A Ciudad Juarez, cittadina messicana a ridosso del confine con gli Stati Uniti, tristemente nota per gli stupri, le violenze, gli omicidi e le sparizioni di donne di tutte le età, molte delle quali sono salite su degli autobus di linea e non hanno mai fatto ritorno, è arrivata una giustiziera e vendicatrice. Il suo nome è Diana. La polizia ha aperto un’inchiesta e cerca una donna con una parrucca bionda o con i capelli tinti, con una gonna scura che mercoledì scorso – davanti a molti testimoni – ha freddato con una pistola l’autista di un autobus.
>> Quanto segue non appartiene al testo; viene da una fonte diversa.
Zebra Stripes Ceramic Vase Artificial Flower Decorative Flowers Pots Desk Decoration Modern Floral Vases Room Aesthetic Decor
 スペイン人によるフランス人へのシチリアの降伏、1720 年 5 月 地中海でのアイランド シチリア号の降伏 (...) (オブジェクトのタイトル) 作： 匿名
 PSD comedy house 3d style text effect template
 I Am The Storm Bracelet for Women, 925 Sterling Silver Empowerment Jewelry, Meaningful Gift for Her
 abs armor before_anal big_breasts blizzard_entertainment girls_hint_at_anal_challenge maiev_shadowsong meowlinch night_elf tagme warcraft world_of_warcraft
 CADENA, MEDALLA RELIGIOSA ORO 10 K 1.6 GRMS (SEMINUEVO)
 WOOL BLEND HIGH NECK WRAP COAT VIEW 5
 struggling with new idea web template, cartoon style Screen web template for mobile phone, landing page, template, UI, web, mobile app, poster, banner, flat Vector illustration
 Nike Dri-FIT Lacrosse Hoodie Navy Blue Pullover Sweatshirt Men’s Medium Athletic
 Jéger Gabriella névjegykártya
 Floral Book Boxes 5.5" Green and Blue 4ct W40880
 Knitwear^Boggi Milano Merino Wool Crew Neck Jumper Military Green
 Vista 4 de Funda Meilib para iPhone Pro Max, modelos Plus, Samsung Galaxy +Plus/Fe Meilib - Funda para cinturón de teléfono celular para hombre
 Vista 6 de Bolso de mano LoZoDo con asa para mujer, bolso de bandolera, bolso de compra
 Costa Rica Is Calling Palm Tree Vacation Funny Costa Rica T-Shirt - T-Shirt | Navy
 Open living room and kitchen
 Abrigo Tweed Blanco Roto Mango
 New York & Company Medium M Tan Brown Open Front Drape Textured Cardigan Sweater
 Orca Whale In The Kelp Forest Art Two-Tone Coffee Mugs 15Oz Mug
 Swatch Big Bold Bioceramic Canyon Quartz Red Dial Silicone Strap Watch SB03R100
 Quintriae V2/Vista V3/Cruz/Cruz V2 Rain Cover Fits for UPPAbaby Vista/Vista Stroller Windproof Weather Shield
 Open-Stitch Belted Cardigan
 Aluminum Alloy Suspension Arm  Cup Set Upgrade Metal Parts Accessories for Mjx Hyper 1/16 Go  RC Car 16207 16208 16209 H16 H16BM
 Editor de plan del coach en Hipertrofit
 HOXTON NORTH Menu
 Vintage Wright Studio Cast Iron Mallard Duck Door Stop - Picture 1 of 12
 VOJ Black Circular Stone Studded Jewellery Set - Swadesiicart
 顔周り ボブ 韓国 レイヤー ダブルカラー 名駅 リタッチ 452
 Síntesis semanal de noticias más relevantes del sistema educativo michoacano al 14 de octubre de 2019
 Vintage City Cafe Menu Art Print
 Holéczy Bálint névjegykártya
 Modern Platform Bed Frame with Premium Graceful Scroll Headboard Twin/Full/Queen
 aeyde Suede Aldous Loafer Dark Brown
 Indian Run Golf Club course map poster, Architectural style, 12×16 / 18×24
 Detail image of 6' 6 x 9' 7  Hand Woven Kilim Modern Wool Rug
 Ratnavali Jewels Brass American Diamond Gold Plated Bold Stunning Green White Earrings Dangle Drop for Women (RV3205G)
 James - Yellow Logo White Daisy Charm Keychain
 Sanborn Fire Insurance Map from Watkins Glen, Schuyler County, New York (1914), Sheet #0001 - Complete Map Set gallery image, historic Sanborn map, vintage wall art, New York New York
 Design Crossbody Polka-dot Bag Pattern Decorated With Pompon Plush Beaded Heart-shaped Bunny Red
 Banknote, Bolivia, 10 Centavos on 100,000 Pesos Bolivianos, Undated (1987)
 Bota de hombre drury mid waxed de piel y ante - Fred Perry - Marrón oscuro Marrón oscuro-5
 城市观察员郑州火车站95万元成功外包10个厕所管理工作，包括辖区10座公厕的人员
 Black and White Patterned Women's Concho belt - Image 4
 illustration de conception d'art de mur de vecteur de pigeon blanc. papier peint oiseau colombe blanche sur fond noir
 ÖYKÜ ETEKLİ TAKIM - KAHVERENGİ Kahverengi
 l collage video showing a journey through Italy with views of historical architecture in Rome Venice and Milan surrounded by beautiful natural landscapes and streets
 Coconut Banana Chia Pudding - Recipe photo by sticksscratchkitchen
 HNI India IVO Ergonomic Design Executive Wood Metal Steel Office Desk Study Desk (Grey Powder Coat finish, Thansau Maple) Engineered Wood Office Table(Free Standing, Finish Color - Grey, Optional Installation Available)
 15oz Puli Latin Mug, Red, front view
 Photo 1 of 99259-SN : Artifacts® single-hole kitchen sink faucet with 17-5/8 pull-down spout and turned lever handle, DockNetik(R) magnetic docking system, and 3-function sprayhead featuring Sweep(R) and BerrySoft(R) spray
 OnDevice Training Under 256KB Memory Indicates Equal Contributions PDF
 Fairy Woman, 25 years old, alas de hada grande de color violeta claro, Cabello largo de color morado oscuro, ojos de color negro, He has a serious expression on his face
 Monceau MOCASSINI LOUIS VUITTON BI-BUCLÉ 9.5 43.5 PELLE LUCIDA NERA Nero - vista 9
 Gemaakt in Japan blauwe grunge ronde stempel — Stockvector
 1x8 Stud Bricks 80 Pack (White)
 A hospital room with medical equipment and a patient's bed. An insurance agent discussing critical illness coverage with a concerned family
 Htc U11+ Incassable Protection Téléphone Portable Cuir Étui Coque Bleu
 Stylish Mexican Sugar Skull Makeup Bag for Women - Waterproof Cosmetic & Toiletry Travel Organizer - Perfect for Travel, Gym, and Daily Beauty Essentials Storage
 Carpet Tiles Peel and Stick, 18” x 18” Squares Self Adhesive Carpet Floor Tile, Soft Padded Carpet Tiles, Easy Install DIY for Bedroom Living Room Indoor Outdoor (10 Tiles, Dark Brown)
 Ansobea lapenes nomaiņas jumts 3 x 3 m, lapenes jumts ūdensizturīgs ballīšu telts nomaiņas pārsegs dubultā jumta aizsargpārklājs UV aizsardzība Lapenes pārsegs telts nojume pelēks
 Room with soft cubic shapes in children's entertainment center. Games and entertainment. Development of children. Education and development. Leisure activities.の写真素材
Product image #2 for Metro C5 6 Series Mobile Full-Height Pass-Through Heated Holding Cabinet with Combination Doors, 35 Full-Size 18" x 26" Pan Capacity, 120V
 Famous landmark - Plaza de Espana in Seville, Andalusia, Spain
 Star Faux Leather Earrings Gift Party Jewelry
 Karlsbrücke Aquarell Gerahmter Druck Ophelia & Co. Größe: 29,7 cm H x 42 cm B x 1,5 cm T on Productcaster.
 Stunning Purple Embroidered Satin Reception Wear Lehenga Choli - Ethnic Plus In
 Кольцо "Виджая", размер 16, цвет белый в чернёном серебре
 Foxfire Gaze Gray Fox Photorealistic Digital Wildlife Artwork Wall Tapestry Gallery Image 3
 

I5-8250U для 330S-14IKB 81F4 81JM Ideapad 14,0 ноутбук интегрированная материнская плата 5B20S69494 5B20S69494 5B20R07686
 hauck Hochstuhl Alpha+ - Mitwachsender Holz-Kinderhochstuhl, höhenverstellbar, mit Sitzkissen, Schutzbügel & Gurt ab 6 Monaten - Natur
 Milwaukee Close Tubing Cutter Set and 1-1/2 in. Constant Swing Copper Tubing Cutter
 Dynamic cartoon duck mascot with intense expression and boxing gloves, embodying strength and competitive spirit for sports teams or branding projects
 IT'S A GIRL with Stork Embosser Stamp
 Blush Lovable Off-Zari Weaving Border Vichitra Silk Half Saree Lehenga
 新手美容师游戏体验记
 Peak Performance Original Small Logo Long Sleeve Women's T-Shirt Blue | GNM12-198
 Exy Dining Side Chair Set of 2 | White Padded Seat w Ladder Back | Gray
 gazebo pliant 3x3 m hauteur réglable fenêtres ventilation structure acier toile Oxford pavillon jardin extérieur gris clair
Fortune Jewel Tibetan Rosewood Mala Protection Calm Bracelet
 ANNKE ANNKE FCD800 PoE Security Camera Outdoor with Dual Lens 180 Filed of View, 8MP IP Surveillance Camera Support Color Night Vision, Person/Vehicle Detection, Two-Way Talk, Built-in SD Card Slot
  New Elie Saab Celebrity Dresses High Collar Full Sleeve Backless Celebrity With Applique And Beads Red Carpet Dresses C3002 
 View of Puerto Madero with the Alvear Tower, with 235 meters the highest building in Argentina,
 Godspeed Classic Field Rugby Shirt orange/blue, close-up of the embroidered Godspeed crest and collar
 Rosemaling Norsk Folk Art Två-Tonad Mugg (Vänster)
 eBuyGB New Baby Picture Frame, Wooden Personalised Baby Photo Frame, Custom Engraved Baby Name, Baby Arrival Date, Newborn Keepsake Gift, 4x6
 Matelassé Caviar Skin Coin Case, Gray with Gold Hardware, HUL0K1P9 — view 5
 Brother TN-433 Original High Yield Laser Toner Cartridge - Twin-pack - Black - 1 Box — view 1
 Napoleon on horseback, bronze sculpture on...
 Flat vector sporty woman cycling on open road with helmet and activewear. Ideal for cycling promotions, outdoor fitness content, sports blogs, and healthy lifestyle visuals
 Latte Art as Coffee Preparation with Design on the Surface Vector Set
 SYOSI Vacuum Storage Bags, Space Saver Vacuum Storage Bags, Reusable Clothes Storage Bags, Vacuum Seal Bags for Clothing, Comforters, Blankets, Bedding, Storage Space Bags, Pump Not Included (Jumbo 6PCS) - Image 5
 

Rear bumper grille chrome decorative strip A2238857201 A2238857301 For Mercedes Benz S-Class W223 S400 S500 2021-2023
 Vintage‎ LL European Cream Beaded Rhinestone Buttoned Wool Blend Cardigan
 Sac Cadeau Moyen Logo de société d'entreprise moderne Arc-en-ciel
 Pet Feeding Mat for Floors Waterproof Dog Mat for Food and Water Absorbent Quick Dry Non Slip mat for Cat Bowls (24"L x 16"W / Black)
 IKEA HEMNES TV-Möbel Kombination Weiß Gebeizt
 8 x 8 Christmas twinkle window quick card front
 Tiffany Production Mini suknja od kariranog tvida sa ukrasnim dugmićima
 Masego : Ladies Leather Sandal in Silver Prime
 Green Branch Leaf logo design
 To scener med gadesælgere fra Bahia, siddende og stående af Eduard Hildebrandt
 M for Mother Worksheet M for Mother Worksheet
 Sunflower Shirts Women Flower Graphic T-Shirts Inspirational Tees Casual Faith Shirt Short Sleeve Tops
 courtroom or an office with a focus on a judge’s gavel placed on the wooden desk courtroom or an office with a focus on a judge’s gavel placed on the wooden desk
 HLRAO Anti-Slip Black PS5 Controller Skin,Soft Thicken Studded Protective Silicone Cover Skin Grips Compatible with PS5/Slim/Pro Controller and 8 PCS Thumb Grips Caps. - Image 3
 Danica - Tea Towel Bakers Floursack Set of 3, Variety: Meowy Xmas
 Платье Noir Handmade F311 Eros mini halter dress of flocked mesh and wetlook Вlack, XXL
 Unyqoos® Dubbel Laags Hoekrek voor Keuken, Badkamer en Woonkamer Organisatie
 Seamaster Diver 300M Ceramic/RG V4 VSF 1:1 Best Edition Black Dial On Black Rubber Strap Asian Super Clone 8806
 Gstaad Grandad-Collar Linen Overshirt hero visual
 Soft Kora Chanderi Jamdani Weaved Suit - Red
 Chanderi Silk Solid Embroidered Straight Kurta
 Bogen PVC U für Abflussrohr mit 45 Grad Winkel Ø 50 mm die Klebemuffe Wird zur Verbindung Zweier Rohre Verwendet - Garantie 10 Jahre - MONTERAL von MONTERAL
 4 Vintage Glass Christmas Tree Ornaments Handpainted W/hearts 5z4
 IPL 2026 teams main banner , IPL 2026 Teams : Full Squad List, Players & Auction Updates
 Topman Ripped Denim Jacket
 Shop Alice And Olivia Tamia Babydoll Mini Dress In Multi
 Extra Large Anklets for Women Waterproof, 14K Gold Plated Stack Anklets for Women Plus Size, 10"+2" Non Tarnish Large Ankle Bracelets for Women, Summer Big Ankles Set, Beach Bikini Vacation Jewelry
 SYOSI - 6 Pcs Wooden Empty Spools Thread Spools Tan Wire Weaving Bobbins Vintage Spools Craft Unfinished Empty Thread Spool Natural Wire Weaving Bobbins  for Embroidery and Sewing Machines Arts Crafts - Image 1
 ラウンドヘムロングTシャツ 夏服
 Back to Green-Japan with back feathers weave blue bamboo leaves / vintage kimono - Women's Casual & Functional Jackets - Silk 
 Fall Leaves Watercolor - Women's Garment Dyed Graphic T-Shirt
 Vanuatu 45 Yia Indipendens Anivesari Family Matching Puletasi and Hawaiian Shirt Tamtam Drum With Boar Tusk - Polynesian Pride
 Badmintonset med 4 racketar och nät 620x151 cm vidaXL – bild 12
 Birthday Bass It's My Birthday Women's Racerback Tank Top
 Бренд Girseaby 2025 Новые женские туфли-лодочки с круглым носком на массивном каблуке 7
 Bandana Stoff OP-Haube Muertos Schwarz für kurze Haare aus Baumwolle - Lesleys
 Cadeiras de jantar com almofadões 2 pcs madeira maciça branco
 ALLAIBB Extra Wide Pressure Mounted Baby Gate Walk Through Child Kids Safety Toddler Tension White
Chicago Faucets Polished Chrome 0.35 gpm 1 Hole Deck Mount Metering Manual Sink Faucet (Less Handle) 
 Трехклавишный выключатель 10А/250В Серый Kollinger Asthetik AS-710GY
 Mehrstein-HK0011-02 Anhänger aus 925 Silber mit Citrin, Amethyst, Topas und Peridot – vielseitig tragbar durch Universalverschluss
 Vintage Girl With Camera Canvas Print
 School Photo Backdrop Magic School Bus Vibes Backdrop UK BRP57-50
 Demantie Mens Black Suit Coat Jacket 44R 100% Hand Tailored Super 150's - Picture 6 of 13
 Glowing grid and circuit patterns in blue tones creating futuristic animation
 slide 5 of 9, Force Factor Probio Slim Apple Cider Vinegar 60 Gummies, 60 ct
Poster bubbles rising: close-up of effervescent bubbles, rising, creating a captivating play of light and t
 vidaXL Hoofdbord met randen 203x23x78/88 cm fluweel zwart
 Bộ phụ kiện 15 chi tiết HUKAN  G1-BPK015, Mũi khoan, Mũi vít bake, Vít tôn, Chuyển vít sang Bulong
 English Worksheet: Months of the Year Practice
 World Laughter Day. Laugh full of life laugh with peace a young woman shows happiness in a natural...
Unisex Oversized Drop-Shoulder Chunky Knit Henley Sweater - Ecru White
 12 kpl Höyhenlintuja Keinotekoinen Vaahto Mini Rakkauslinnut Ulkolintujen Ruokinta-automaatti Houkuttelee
E il giorno dopo ne ha ucciso un altro con un colpo alla testa, non prima di avergli detto “voi ragazzi vi sentite così cattivi, vero?”. Poi, nel fine settimana, ha inviato diverse mail ai media locali, presentandosi come Diana ‘La Cazadora de Choferes’ (la cacciatrice di autisti) e diventando in breve tempo simbolo di ribellione.
 
Il testo della mail inviata al quotidiano La Polaka non ammette dubbi, Diana si attribuisce il duplice omicidio e si presenta come la vendicatrice degli abusi e delle violenze nei confronti delle donne di Juarez. “Pensano che poiché siamo donne siamo deboli e abbiamo bisogno di lavorare fino a tarda notte per mantenere le nostre famiglie non possiamo far altro che tacere questi atti che ci riempiono di rabbia – scrive -. Le mie compagne hanno sofferto in silenzio, ma non possiamo tacere di più, siamo state vittime di violenze sessuali da parte dei conducenti che coprono il turno di notte qui a Juárez e nessuno difende o fa nulla per proteggerci, quindi io sono uno strumento per vendicare diverse donne che apparentemente siamo deboli per la società, ma non lo siamo veramente, noi siamo coraggiose e noi ci faremo rispettare per mano nostra. Le donne di Juarez sono forti”.
 
Città operaia, Ciudad Juarez è costellata dalle maquilladores, stabilimenti a proprietà straniera, spesso americana, e in regime di esenzione fiscale, dove la forza lavoro è impiegata sottocosto e dove non sono rispettati i diritti minimi di tutela della dignità umana. In queste fabbriche della disperazione e della morte, efficacemente raccontate da Naomi Klein nel suo No Logo e da Roberto Bolano in 2666, lavorano soprattutto le donne di Juarez, che la mattina prendono gli autobus per recarsi al lavoro, senza sapere se faranno ritorno. A inizio degli anni novanta furono scoperti i cadaveri di centinaia di donne sgozzate, stuprate e trucidate nel deserto, e di altre migliaia fu denunciata la scomparsa. E poi di nuovo agli inizi del nuovo millennio. Fino a che ultimamente la nuova struttura industriale di Juarez l’aveva fatta prendere a modello di un nuovo e futuro Messico.
 
Ma i femminicidi a Ciudad Juarez non sono mai fermati. E oggi è apparsa sulla scena Diana, dal nome mitologico della dea romana della caccia: la serial killer bionda che dà la caccia agli autisti. Se i rappresentanti delle associazioni per i diritti umani dello stato di Chihuahua credono che la misteriosa donna sia stata a sua volta vittima di un abuso e cerchi vendetta, gli inquirenti non escludono invece che in una zona tormentata dalle lotte per il controllo del confine – dal narcotraffico all’emigrazione clandestina verso gli Stati Uniti – la misteriosa donna si inserisca in nel più ampio conflitto tra bande rivali, e la sua veste mitologica sia solo fumo negli occhi dei media. Ma le donne di Juarez non hanno dubbi, e dopo avere subito così a lungo le prepotenze degli uomini, accompagnate dal loro slogan “ni una mas” (nessuna, mai più) si sono schierate tutte dalla parte di Diana.